• [Material supplied]

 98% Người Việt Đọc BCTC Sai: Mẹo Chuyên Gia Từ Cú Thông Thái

--

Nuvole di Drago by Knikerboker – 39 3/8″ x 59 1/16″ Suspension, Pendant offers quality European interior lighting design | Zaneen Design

--

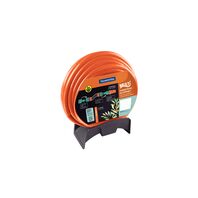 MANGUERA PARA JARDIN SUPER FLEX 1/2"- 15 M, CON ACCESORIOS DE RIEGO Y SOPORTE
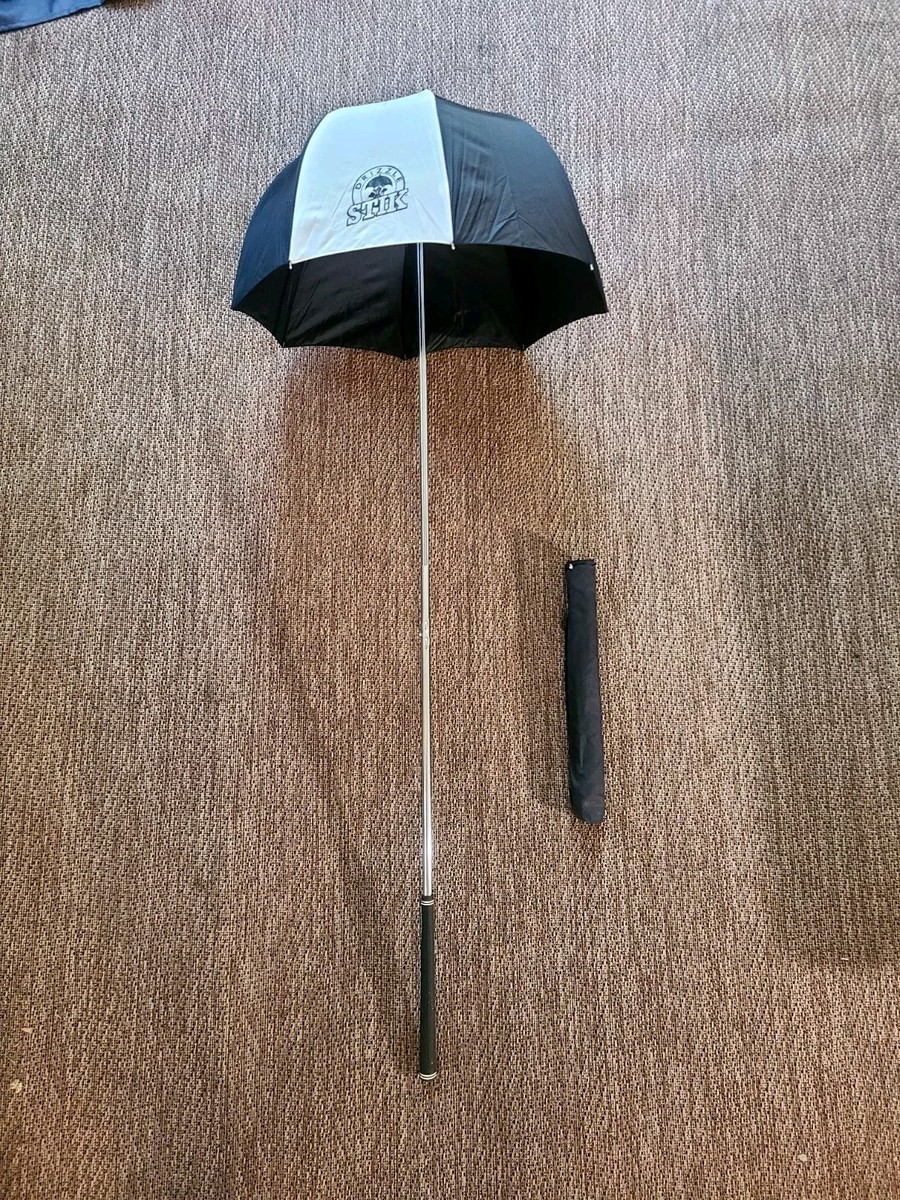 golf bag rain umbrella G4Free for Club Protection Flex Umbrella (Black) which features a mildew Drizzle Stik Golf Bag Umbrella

• [Aim of the task]
Within the material above, find the part that opens with the line containing "MANGUERA PARA JARDIN" and closes with the line containing "golf bag rain", and reproduce it exactly without the pictures.

• [Solution to the problem]
 MANGUERA PARA JARDIN SUPER FLEX 1/2"- 15 M, CON ACCESORIOS DE RIEGO Y SOPORTE
 golf bag rain umbrella G4Free for Club Protection Flex Umbrella (Black) which features a mildew Drizzle Stik Golf Bag Umbrella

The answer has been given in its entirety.